I had no negative keywords at all. Was running broad match on keywords like "phone case" and "mobile accessories". Later realized my ads were showing up for completely random searches.
Turned everything off last week. Now trying to figure out where to rebuild from scratch.
Anyone else made these same mistakes starting out? What was the first thing you changed that actually made a difference?
Yes, this is a very common beginner mistake.

The main issues were:

  1. Broad match without control.
    Keywords like “phone case” and “mobile accessories” can trigger your ads for many random and low-intent searches.
  2. No negative keywords.
    Without them, your budget can easily go to irrelevant clicks like free, DIY, wholesale, used, repair, pictures, reviews, etc.
  3. Scaling too fast.
    One good first week does not mean the campaign is stable or profitable.
  4. Not checking search terms regularly.
    At the beginning, you need to check the real search terms almost every day and remove irrelevant ones.
What I would change first:

Start with exact and phrase match instead of broad match. Build a basic negative keyword list. Separate campaigns or ad groups by product category. Use a small daily budget. Make sure conversion tracking is working correctly. Check search terms regularly. Do not rely on automation until you have enough clean data.

I would also recommend watching basic Google Ads setup videos on YouTube, because there are many small settings that are hard to explain in one comment: match types, negative keywords, location settings, bidding, conversions, search terms, and campaign structure.
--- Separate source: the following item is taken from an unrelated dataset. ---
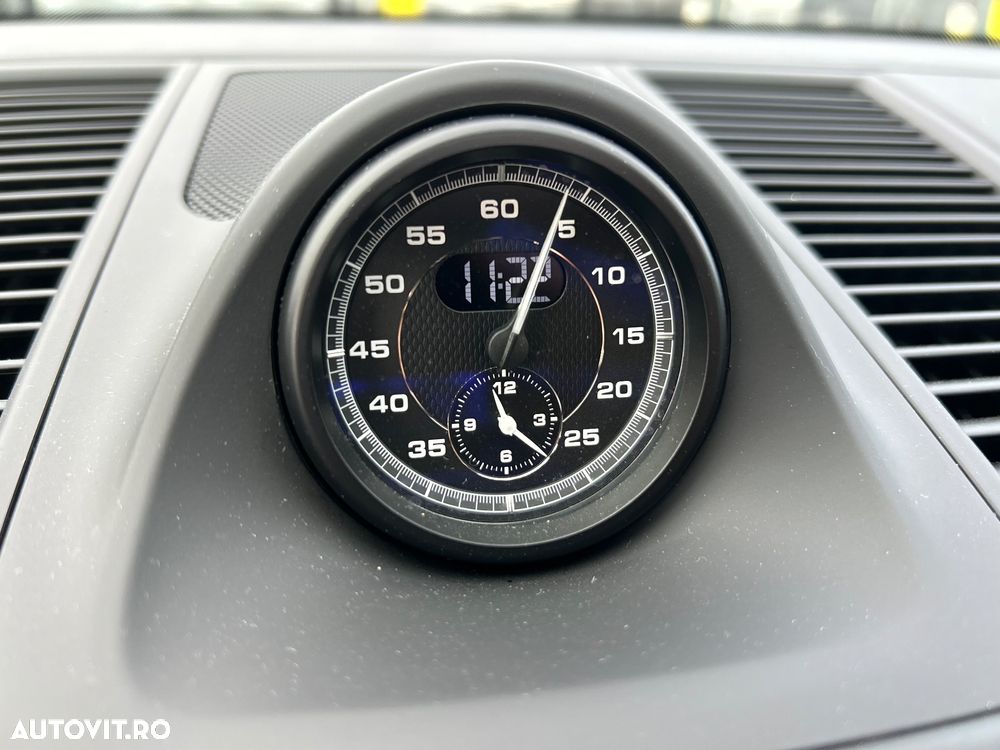 Porsche Macan T - 17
The main thing is not to restart everything again with broad match and no negative keywords. Set up the basics first, then test with a small budget.
 
$500 burn is pretty normal in beginning tbh, especially with broad targeting and no winning creatives yet. Google ads takes time to figure out what actually converts. I wasted way more before finding profitable setup lol.
 
Yeah broad match with no negatives will burn cash fast, especially on ecommerce. First thing I’d change is switch to exact/phrase match and build a solid negative keyword list. Also don’t send traffic to homepage, use a tight product page with one clear offer.
 
You're unlikely to achieve success in these types of sectors with YouTube videos. Use search ads instead of display ads, and use phrase match keywords instead of broad match. I also recommend conducting detailed analysis; for example, identify keywords that don't generate conversions and waste your budget, and add them to a negative keywords list.
 
  • Switch to Phrase Match and Exact Match
  • Add a solid negative keyword list
  • Separate campaigns by product type (iPhone cases, chargers, earbuds, etc.)
  • Only target locations you can actually ship to fast
  • Install proper conversion tracking before scaling

Most importantly: check the Search Terms Report daily for the first 2–3 weeks. That single report saves more money than any YouTube tutorial.
 
Yeah broad match with no negatives will burn budget fast, especially on generic terms like “phone case”
exact match + strong negatives made the biggest difference for me.
 
i made same in beginning too. Broad keywordss bring lot of useless traffic, especially on smaller budgets.
 
YouTube videos alone usually aren’t the most effective for these industries. It’s better to focus on search ads over display ads and stick to phrase match keywords rather than broad match. I also suggest doing a thorough analysis—spot keywords that aren’t converting, wasting spend, and add them to a negative keywords list to optimize your campaigns.
 
Classic broad match trap, Google loves eating budgets on junk searches like "free phone wallpaper." Switch to phrase/exact match, dump a massive list of negative keywords in there, and run Google Shopping instead of Search ads because people want to see the product first.
 
Yeah that’s basically the classic broad match + no negatives trap, Google will happily burn budget on junk queries.
First thing that usually fixes it is tightening keywords + adding a solid negative keyword list from search terms ASAP.
Then split campaigns properly instead of one catch-all setup and rebuild from clean data.